1815 is the earliest known date for proposals to build a bridge between the northern and southern shores of Sydney Harbour, though it wasn’t until after the First World War that the idea was taken more seriously, when Dr JJC Bradfield presented his design to the New South Wales Government.
After inviting worldwide tenders for the construction, the contract to build the Sydney Harbour Bridge was officially awarded to English company Dorman Long and Co Pty. Ltd.
Dr J.J.C. Bradfield’s design of the arch and pylons was closely based on New York’s Hell Gate Bridge. In terms of steel arch spans, the Sydney Harbour Bridge ranks fifth in the world. However, its reputation as the ‘World’s Greatest Steel Arch’, rests on its combination of span, width and load bearing capacity, as well as the difficulties that needed to be overcome during its construction.
Construction of the Sydney Harbour Bridge began on 28 July 1923, employing 1,400 workers and taking over eight years to build, at a cost of more than £10 million.
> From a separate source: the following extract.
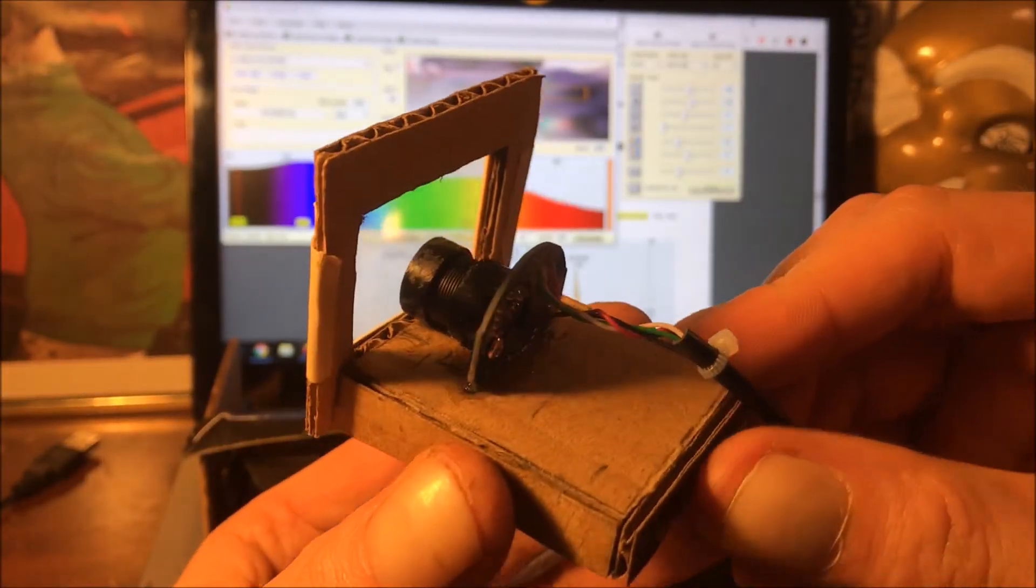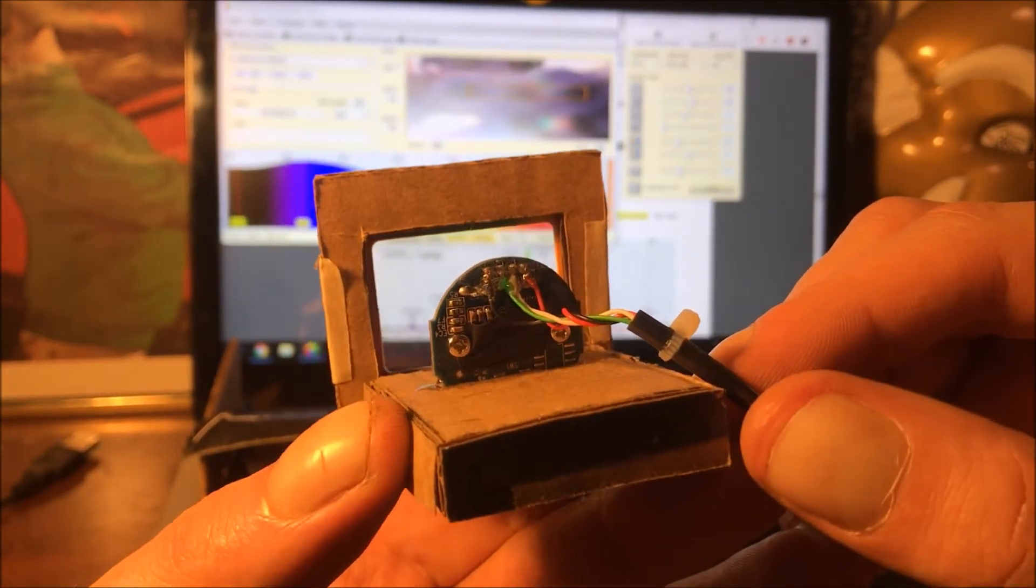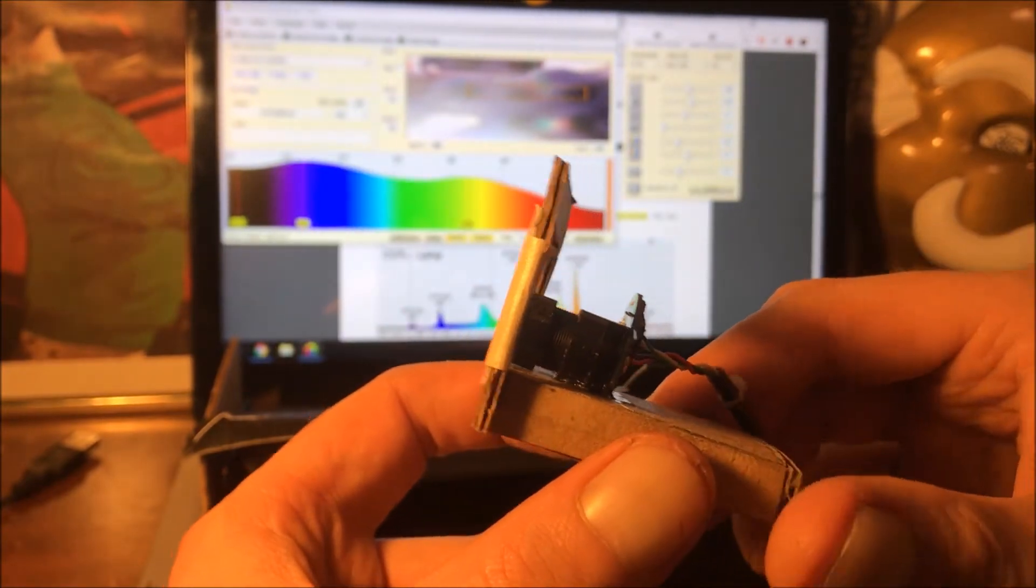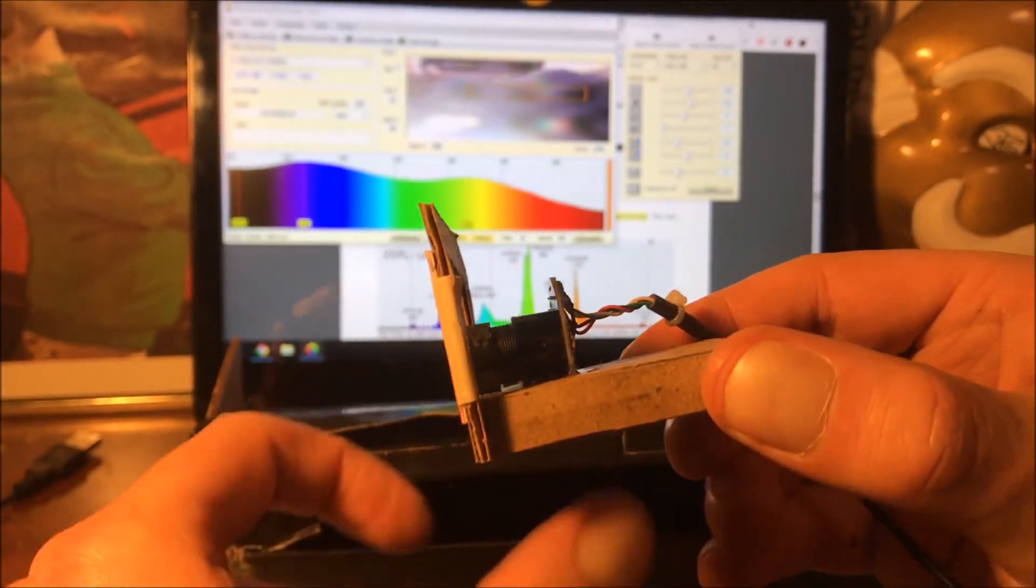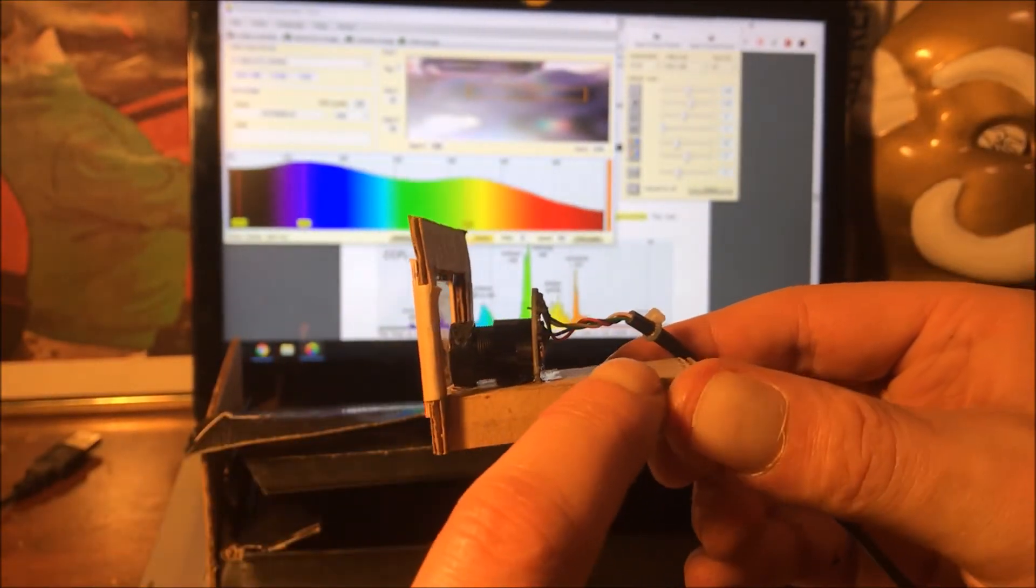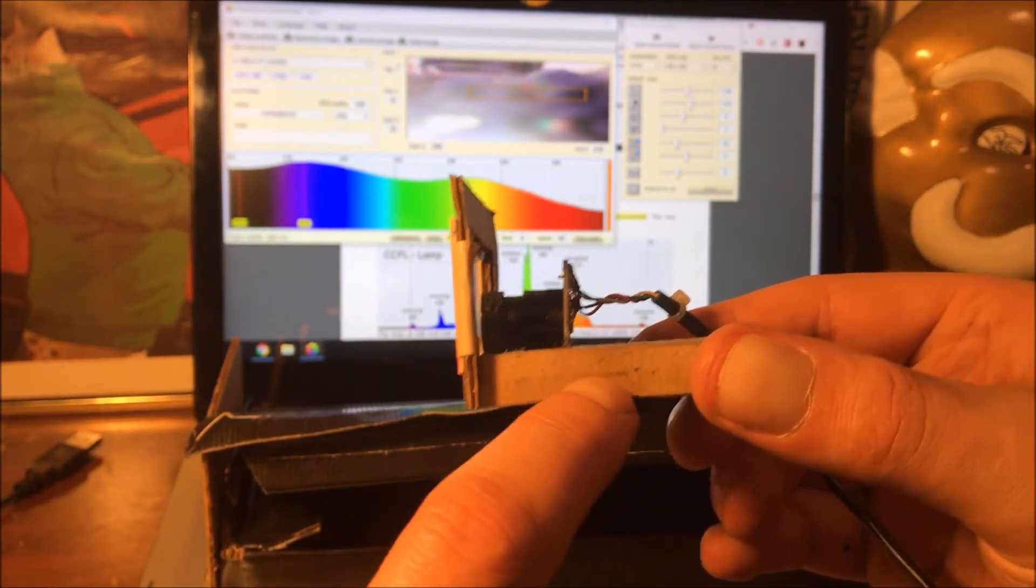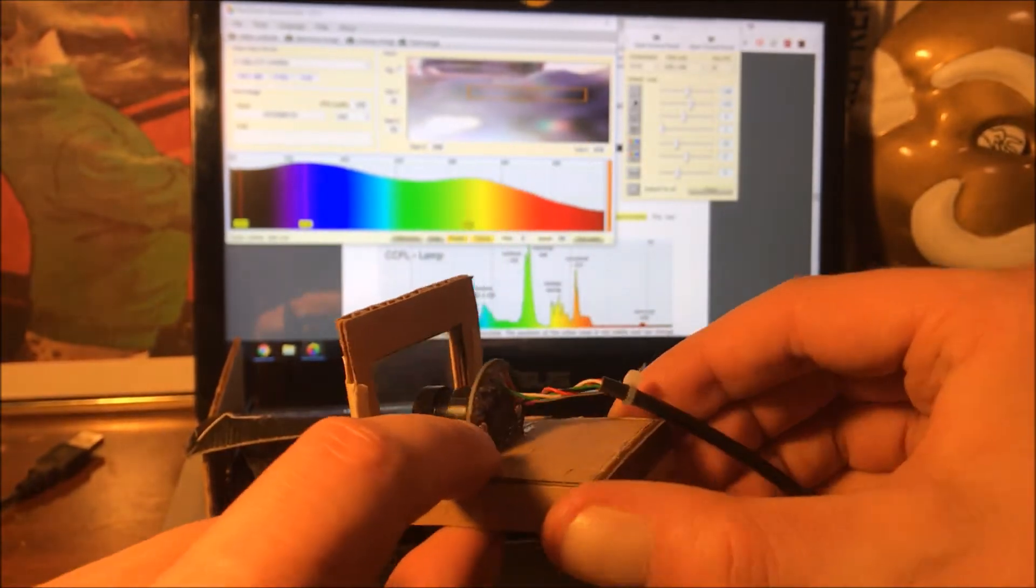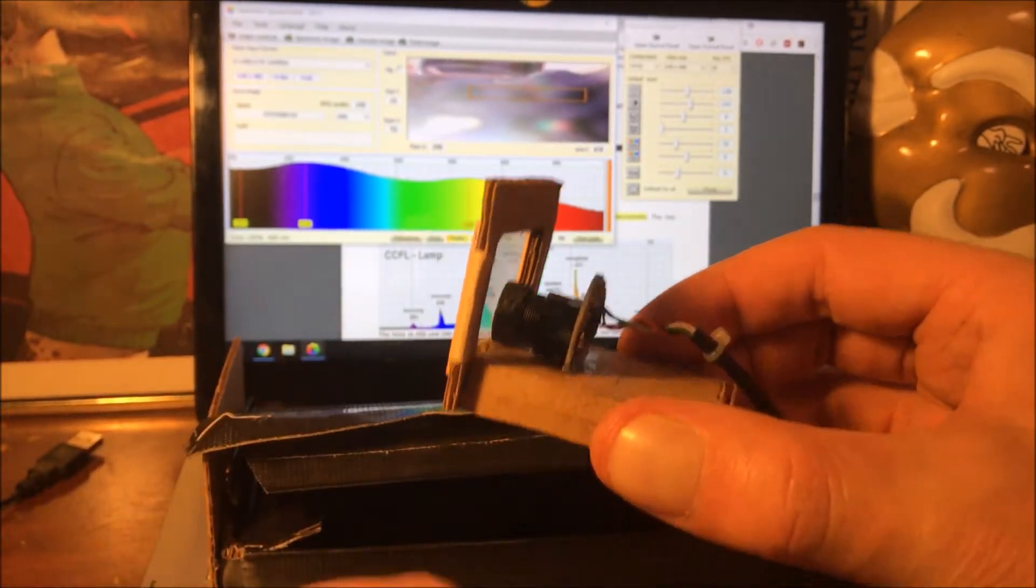So I made this little sled, I guess you could call it, for the camera. Basically I just took some layers of cardboard and stacked them up to build up the thickness of this platform here.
Approximately six million hand driven rivets and 52,800 tonnes of steel (or 550,000 pieces of individual pieces of steel!) were used to complete the construction, and 272,000 litres of paint were required to give the Bridge its initial three coats ahead of the official opening day on 19 March, 1932.
The Sydney Harbour Bridge now carries eight lanes of traffic and two rail lines, with more than 200,000 vehicles crossing the road deck each day.